Slovakia: GDP growth hits highest rate in two years in Q1

A second national accounts release confirmed that the economy surged in the first quarter, expanding 2.7% year on year (Q4 2023: +2.2% yoy). The reading marked the fastest growth since Q1 2022 and was among the strongest in the Euro area.

On a seasonally adjusted quarter-on-quarter basis, economic growth sped up to 0.7% in Q1 compared to the previous quarter’s 0.6%, marking the strongest increase since Q2 2023. That said, the result fell short of the preliminary estimate of 0.9%.

Domestically, the annual upturn chiefly reflected a rebound in private spending, which rose 3.6% year on year in the first quarter (Q4 2023: -3.0% yoy) and marked the best reading since Q4 2022. Inflation halved in the three months to March, supporting household budgets. In addition, public expenditure hit a near three-year high of 6.5% in the first quarter, up from the fourth quarter’s 1.7%. That said, fixed investment growth fell to 1.7% in Q1 (Q4 2023: +13.1% yoy), marking the worst result since Q2 2022.

On the external front, exports of goods and services bounced back, posting a 1.8% increase on an annual basis in the first quarter, which was above the fourth quarter’s 1.3% contraction. In addition, imports of goods and services rebounded, growing 2.9% in Q1 (Q4 2023: -6.1% yoy) and marking the best reading since Q4 2022. As a result, net trade added to overall growth in January–March.

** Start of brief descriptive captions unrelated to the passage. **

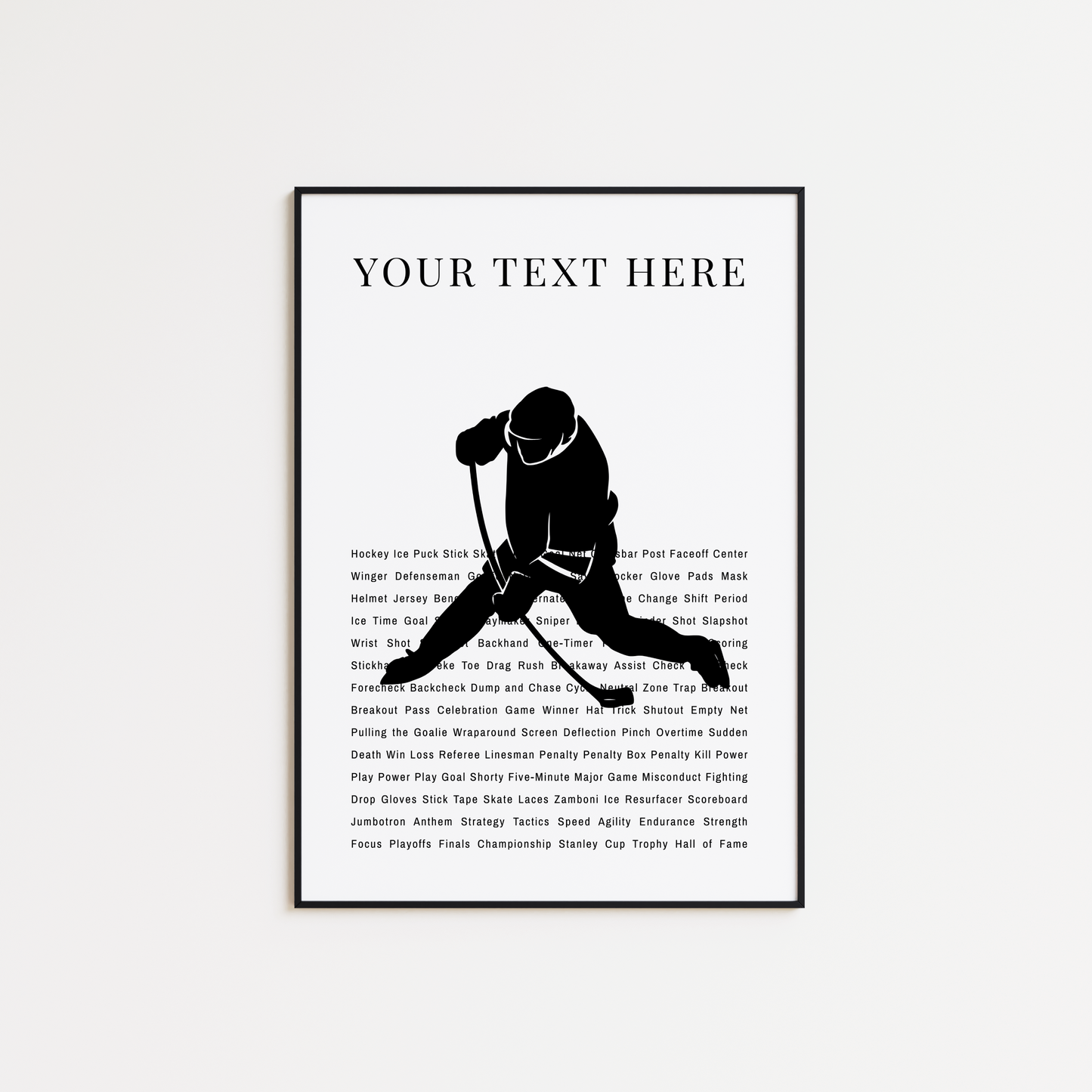 Personalized Hockey Poster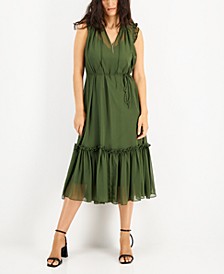 Women&apos;s Flutter-Sleeve Dress&comma; Created for Macy&apos;s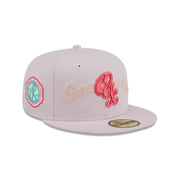 Guerreros de Oaxaca Stacked Wordmark 59FIFTY Fitted Hat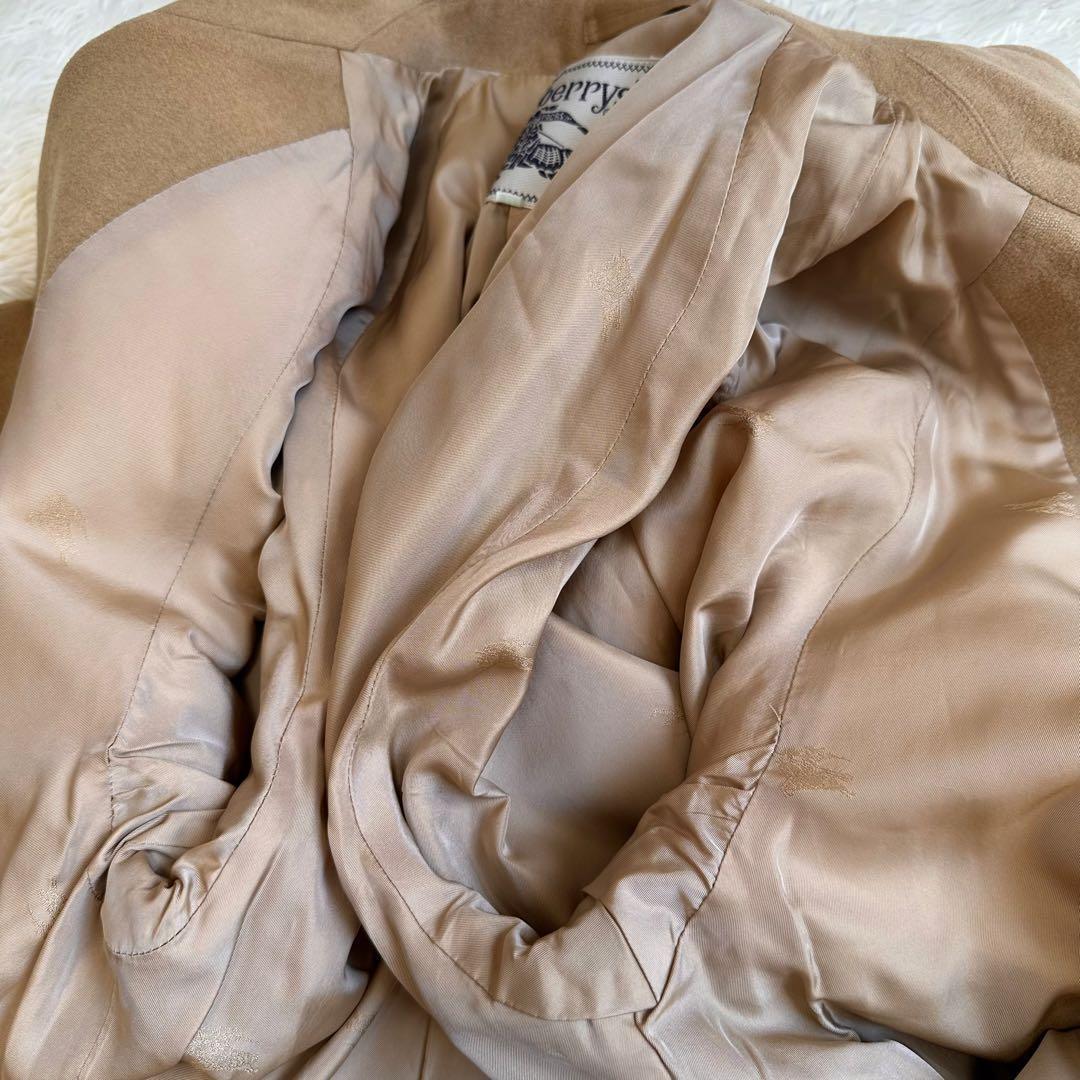 Burberrys バーバリーズ カシミヤ混 ウールコート ベージュ ダブル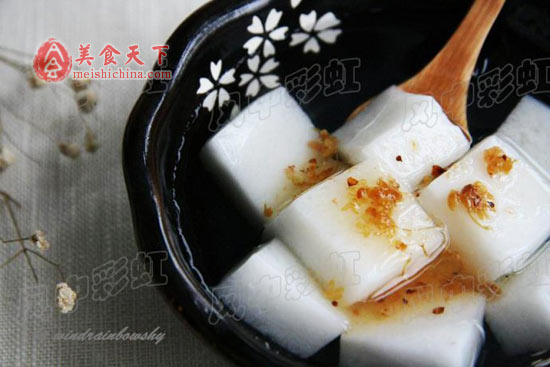 秋季防燥--杏仁豆腐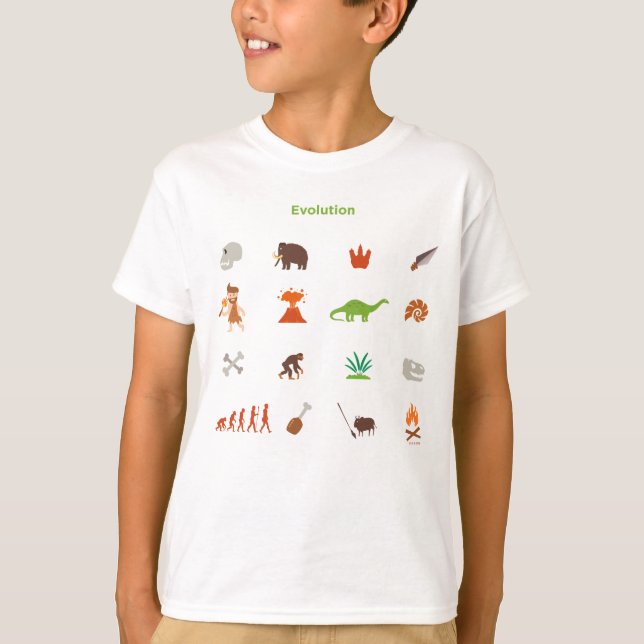 Camiseta Modelo de la evolución (Anverso)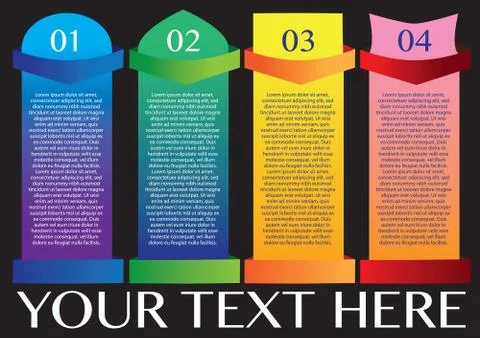 Set of 4 Shapes for Layout Design Template Vector Illustration Stock Illustration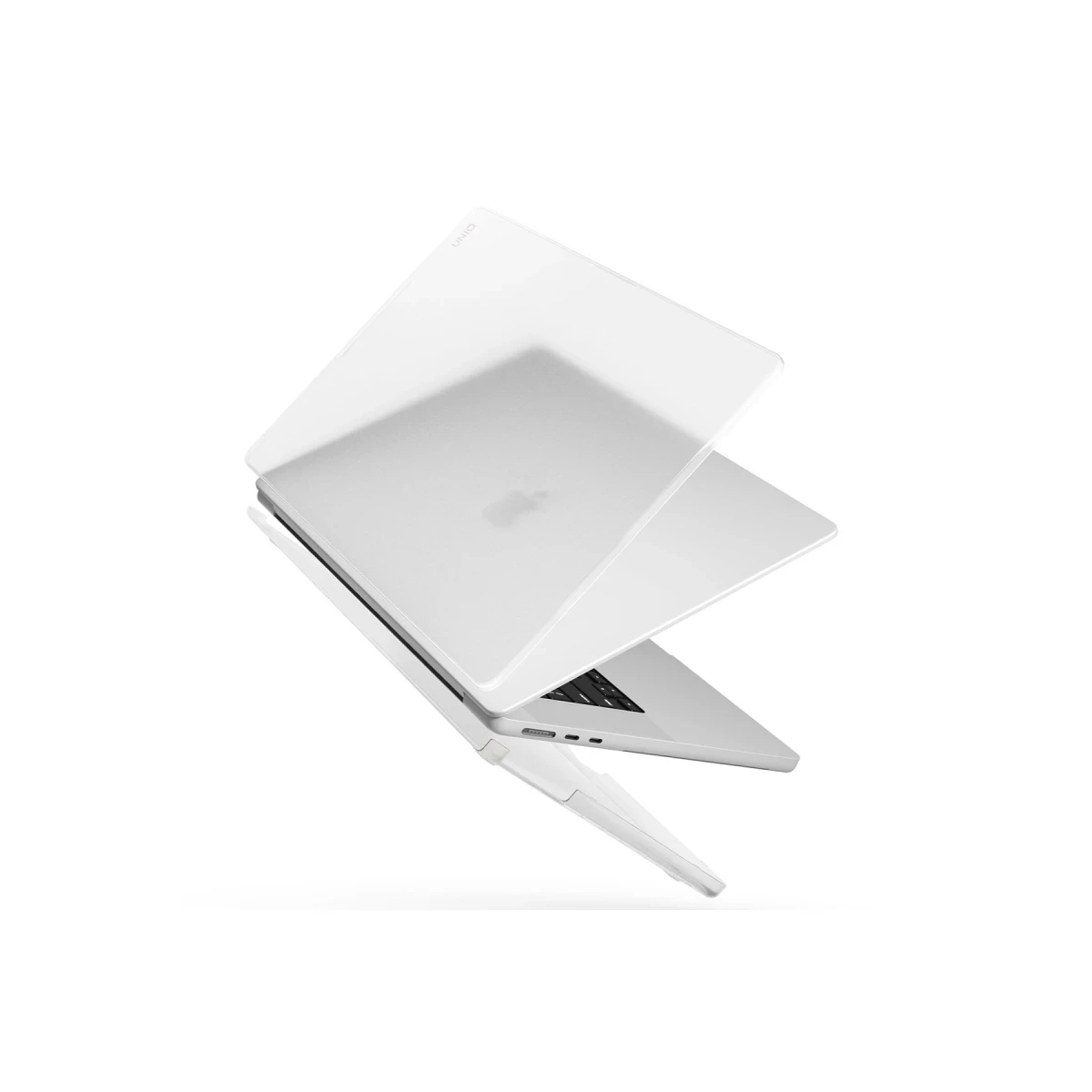 Uniq Apple Macbook Pro 14 (2021) Claro Mat Macbook Kapak - Şeffaf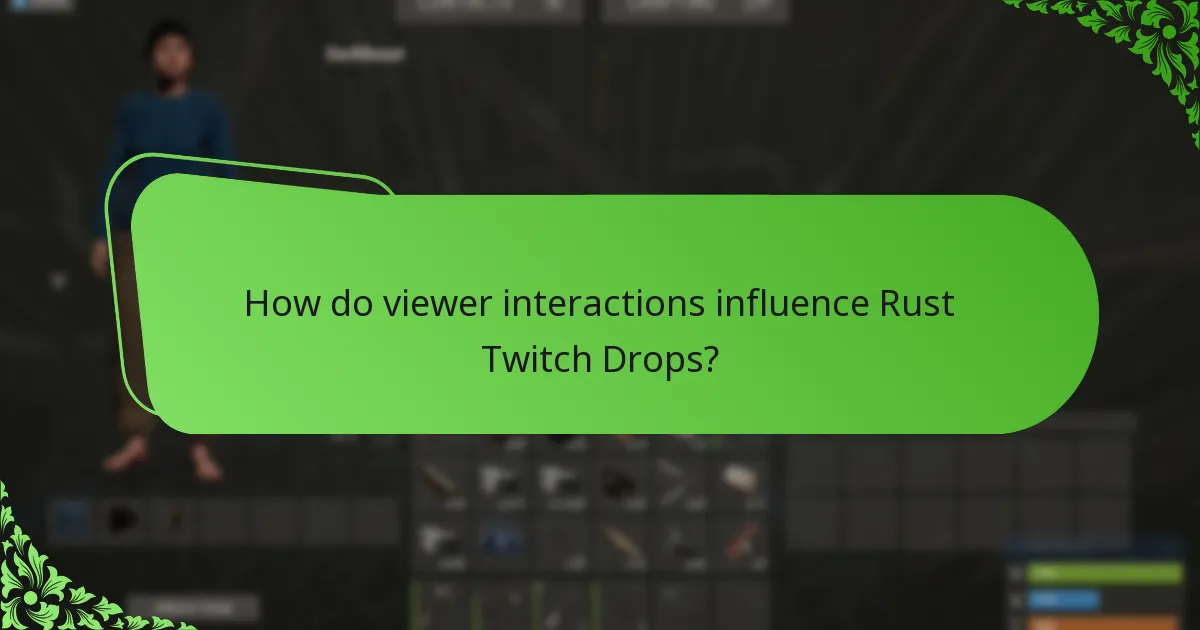 How do viewer interactions influence Rust Twitch Drops?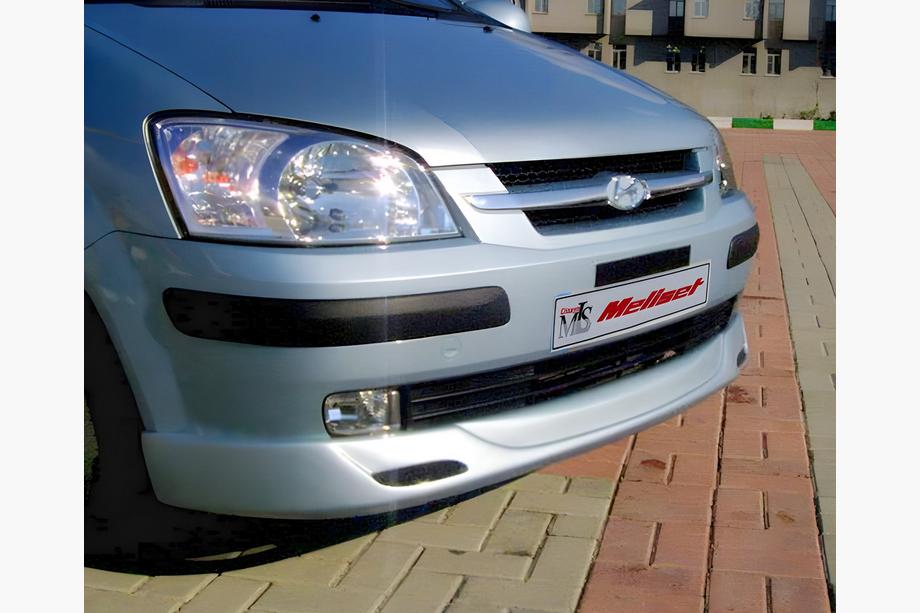 Hyundai Getz 2002- гг. Передняя нижняя накладка (под покраску) Фото 6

Our panel expects the economy to be losing steam in the second quarter. That said, our Consensus is for growth to accelerate in 2024 as a whole from 2023, approaching the prior decade’s average of 2.4%. Receding price pressures, continued nominal wage growth and monetary policy easing should drive a rebound in private spending. This, paired with recovering exports and stronger public spending growth, will support the economy this year.

Marian Kocis, analyst at Erste Bank, commented:

“The Slovak economy has started the new year with relatively strong momentum. After a year-long decline in household consumption, there seems to be a revival in this most important component of economic performance. Additionally, this year should see a continued positive impulse from the drawdown of European funds, especially the Recovery Plan. A visible rebound of foreign trade will come hand-in-hand with the rising activity in the most important trade economies, especially Germany, which we expect in the second half of the year.”